#### Data records ####

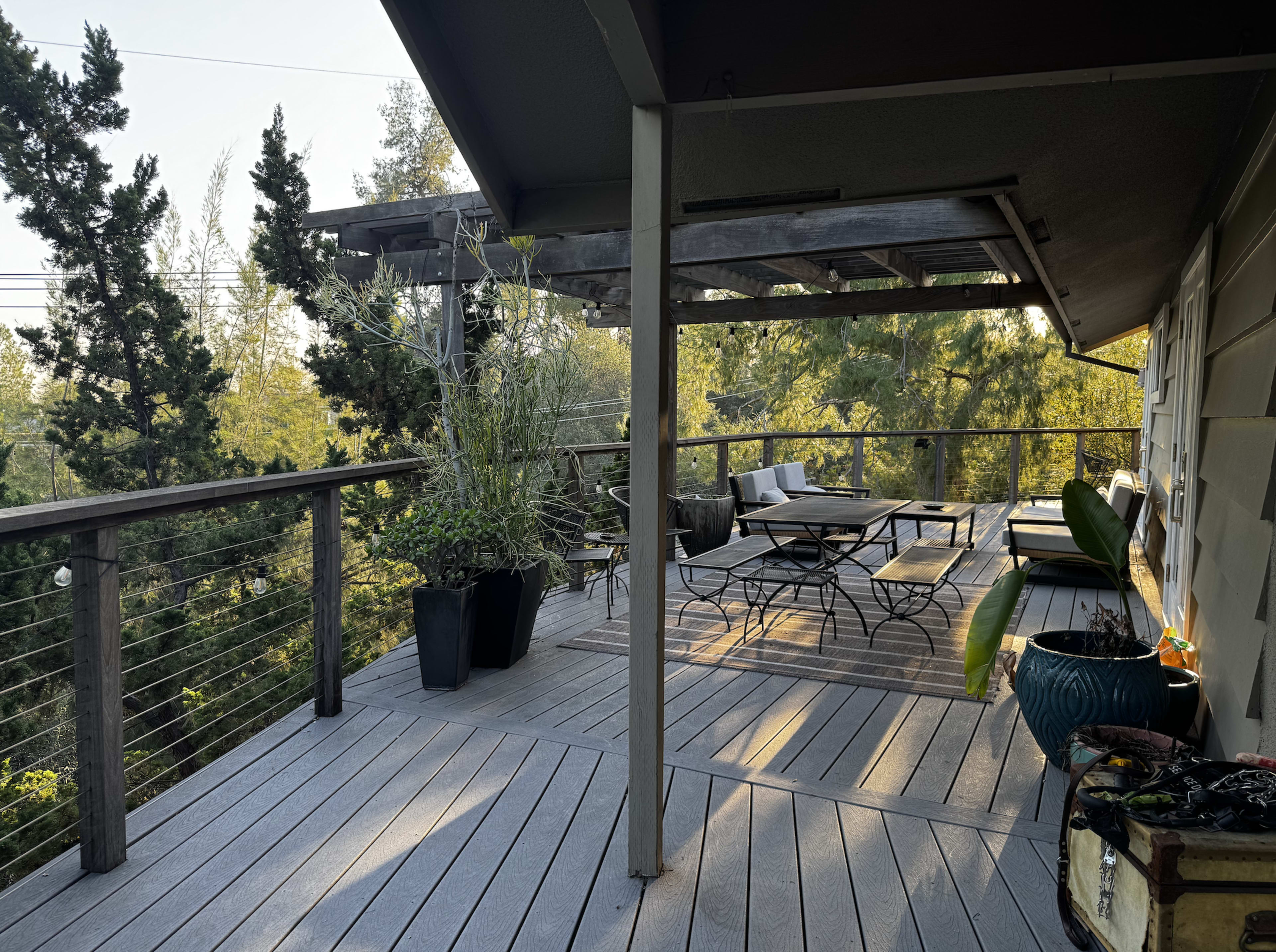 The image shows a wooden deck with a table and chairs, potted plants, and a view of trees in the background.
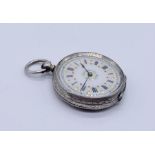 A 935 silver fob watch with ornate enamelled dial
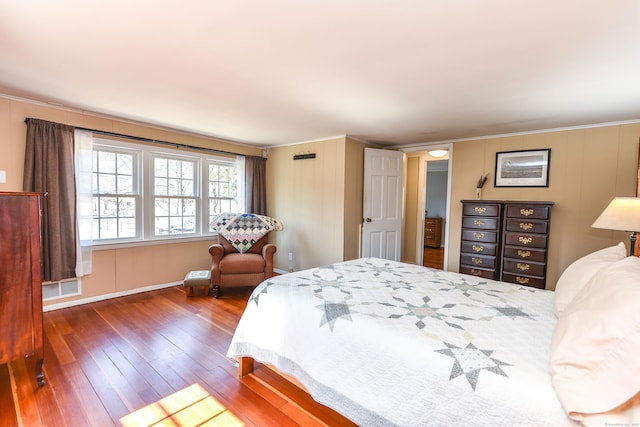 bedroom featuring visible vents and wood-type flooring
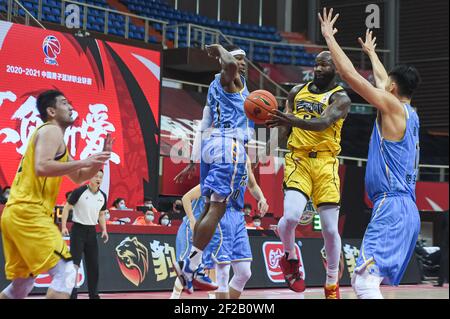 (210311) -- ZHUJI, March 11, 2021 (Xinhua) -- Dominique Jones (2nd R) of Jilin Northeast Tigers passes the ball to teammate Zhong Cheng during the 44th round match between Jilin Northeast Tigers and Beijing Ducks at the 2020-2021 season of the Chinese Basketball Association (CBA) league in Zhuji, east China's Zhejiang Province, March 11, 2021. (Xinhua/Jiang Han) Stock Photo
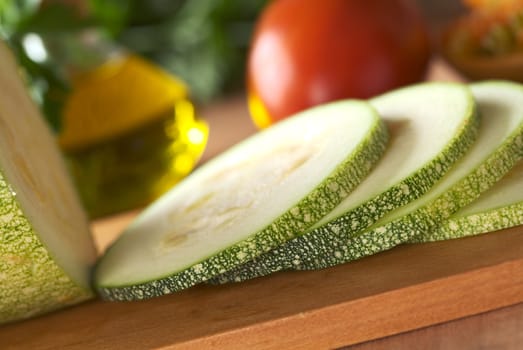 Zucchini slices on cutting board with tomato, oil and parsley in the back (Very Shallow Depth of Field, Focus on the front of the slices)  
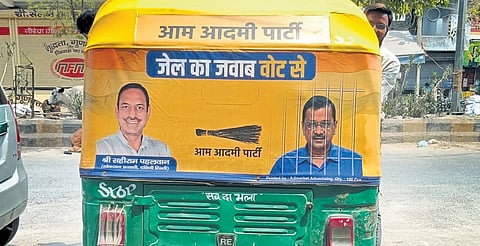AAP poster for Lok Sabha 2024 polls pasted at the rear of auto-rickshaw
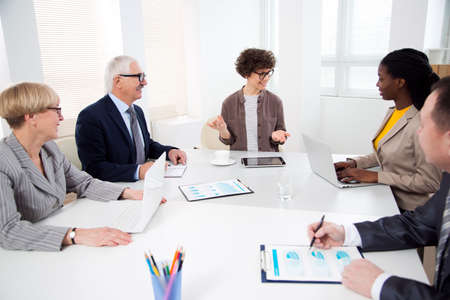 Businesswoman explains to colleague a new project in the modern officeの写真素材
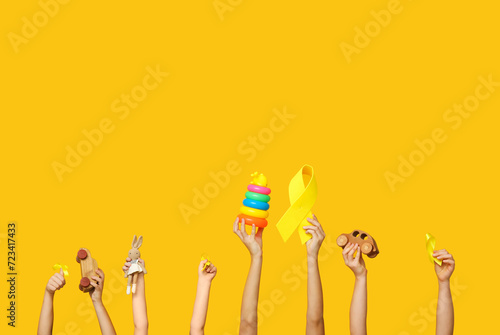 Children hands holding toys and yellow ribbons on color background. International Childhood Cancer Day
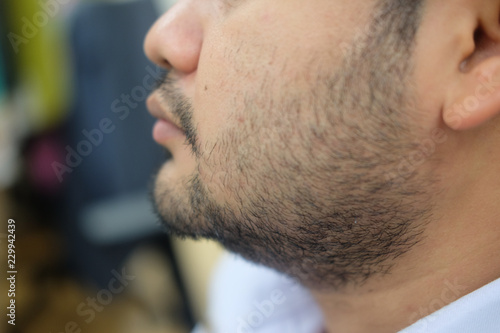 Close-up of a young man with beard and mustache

####

Your task is to quote exactly the lines from the one with "Zucchini slices on" through the end of the material, both included, without reproducing any pictures.

 Zucchini slices on cutting board with tomato, oil and parsley in the back (Very Shallow Depth of Field, Focus on the front of the slices)  
AAP poster for Lok Sabha 2024 polls pasted at the rear of auto-rickshaw
 Businesswoman explains to colleague a new project in the modern officeの写真素材
 Children hands holding toys and yellow ribbons on color background. International Childhood Cancer Day
 Close-up of a young man with beard and mustache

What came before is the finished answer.